## Assignment
Using the data below, restate exactly every line from the one with "7 For All Mankind Denim" up to and including the one with "極美品▲GUCCI グッチ 603337". No picture belongs in it.
Dataset extract: Begin
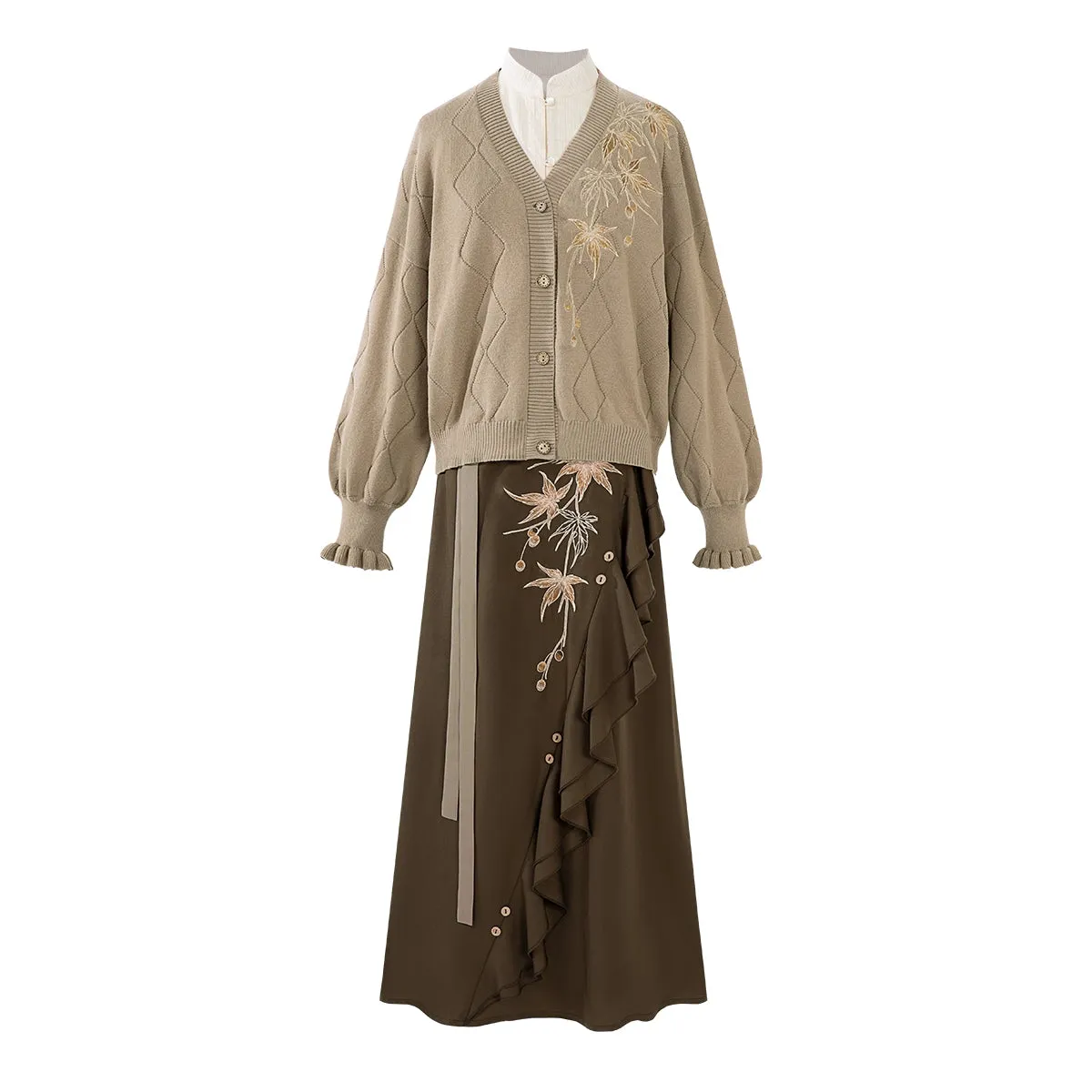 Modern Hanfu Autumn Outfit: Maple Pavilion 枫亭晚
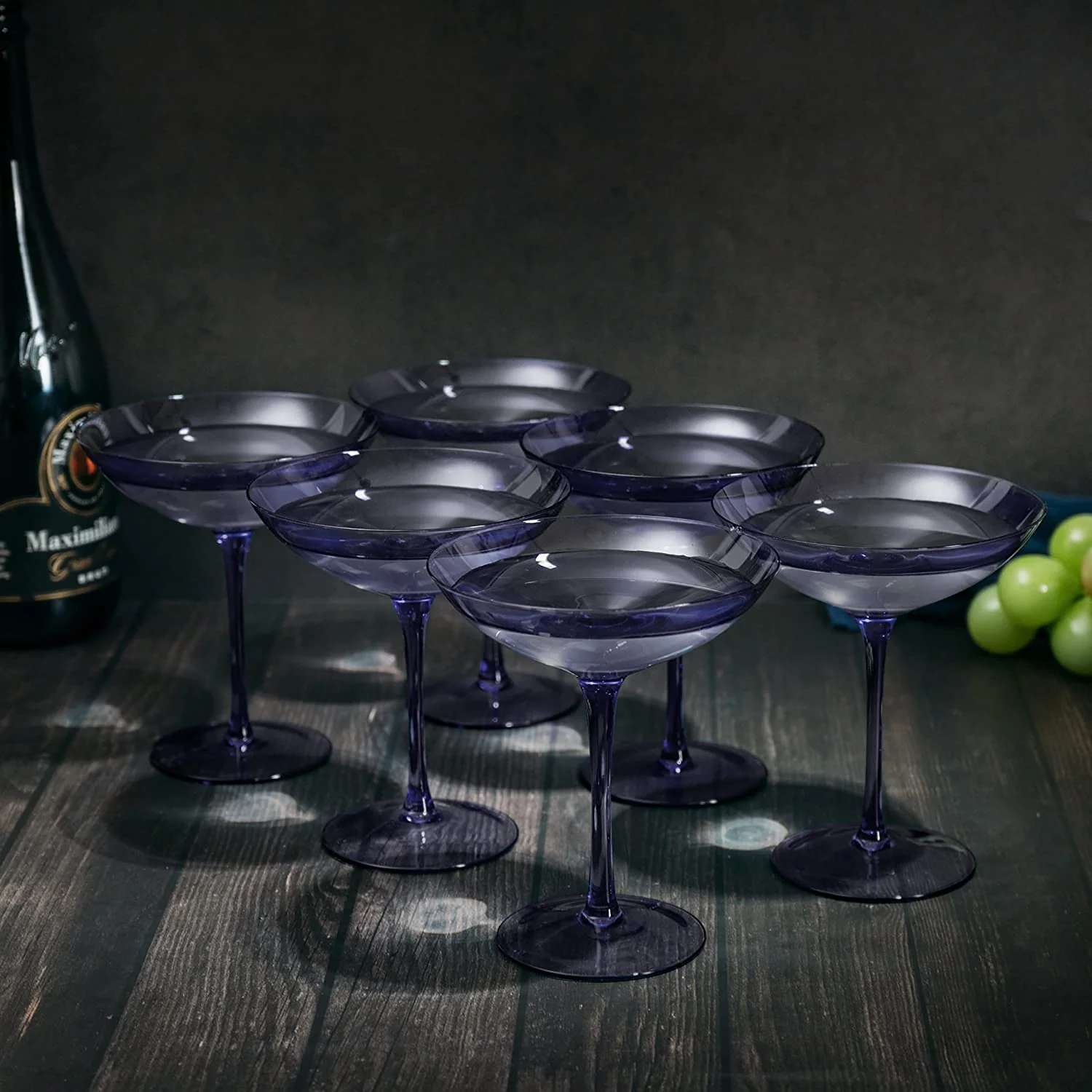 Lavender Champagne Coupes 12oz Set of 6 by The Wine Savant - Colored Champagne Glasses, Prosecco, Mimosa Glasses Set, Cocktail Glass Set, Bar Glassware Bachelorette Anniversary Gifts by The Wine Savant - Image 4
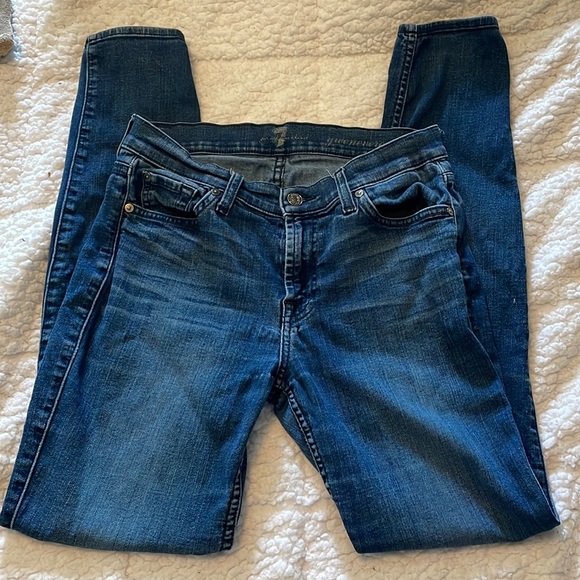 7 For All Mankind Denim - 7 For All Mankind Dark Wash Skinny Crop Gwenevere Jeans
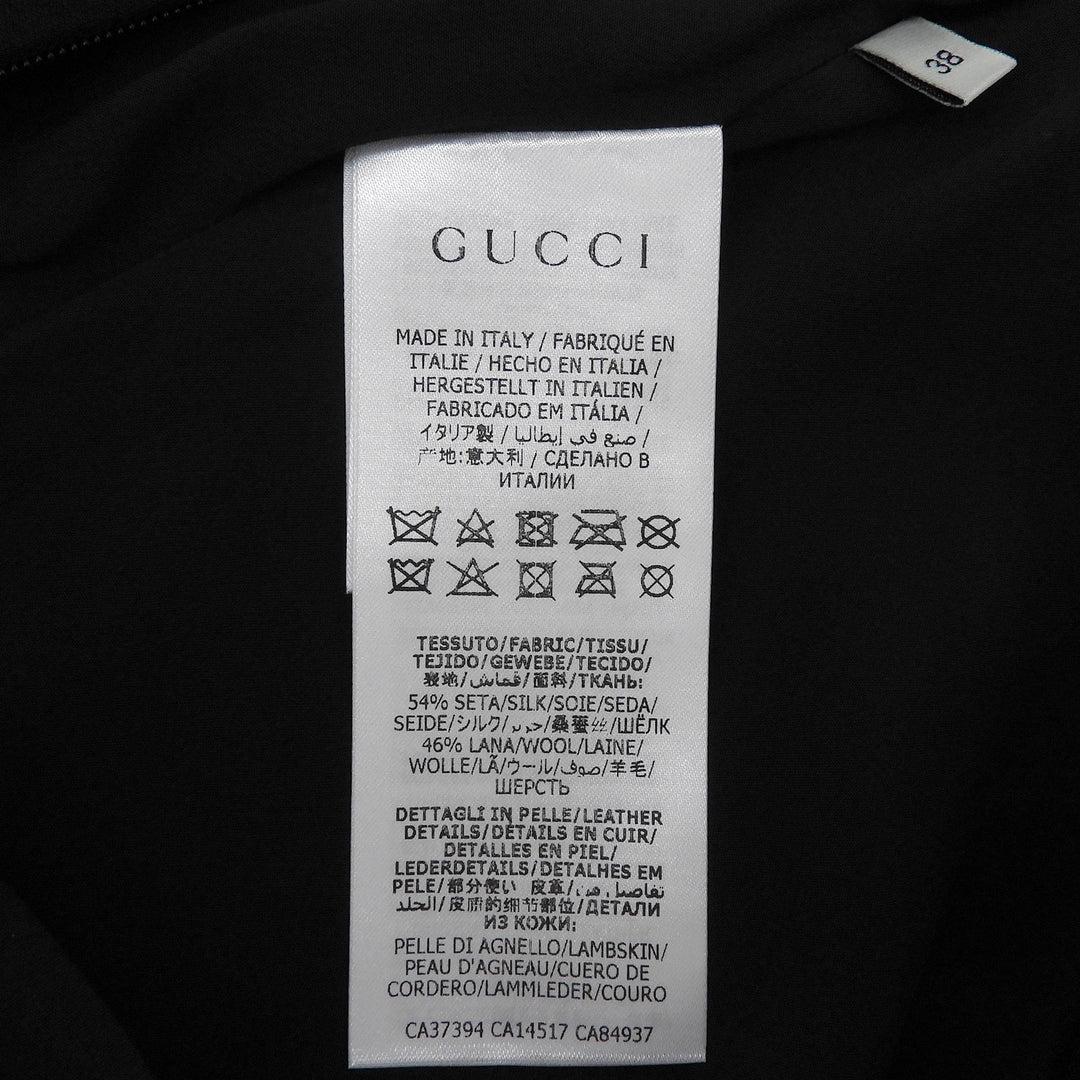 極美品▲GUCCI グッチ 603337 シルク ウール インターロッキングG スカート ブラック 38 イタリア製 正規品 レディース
Dataset extract: End
Dataset extract: Begin
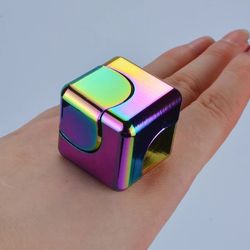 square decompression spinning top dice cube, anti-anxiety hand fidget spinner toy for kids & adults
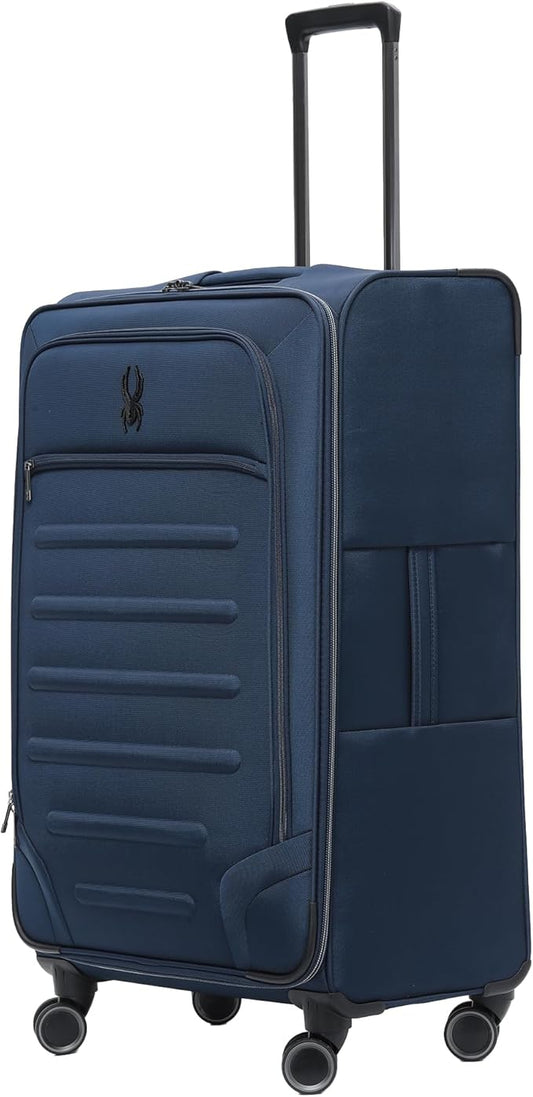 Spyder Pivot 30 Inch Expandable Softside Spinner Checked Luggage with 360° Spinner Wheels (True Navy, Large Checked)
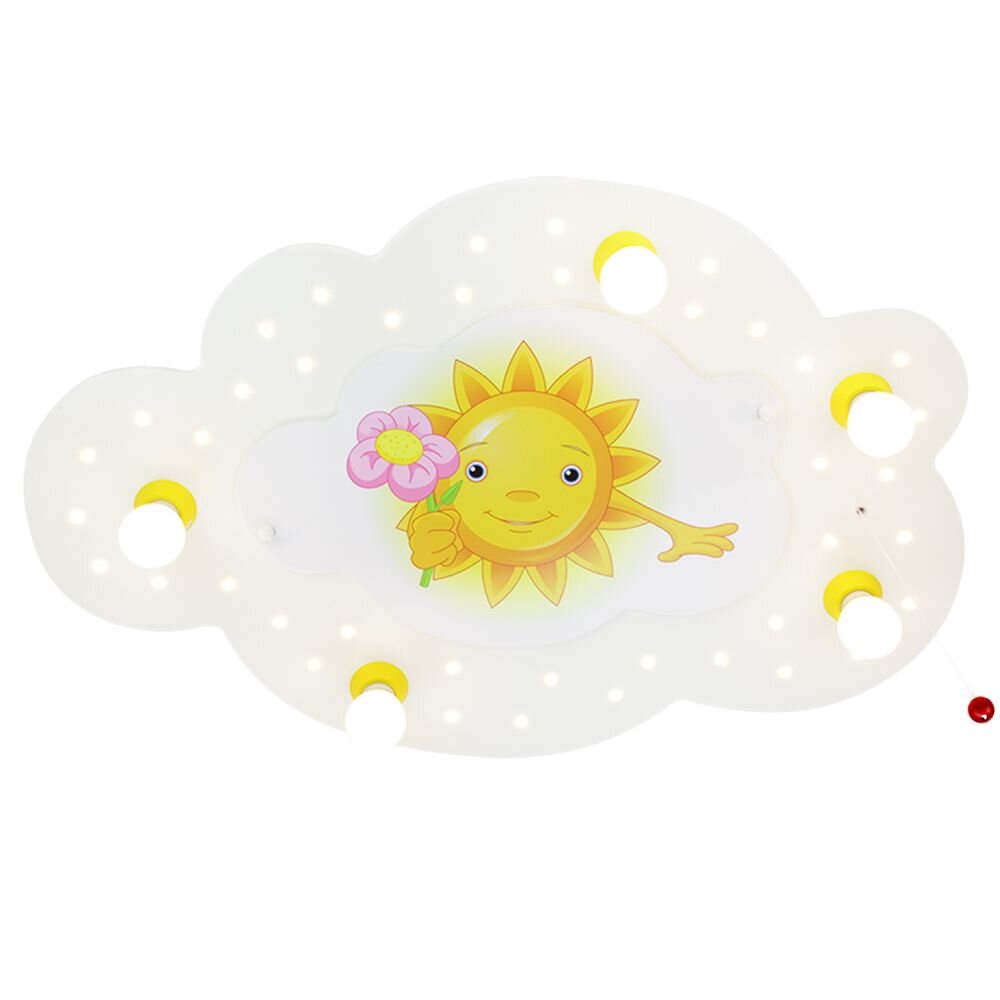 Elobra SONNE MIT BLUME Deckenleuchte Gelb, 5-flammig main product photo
Dataset extract: End
## Response to the task
 7 For All Mankind Denim - 7 For All Mankind Dark Wash Skinny Crop Gwenevere Jeans
 極美品▲GUCCI グッチ 603337 シルク ウール インターロッキングG スカート ブラック 38 イタリア製 正規品 レディース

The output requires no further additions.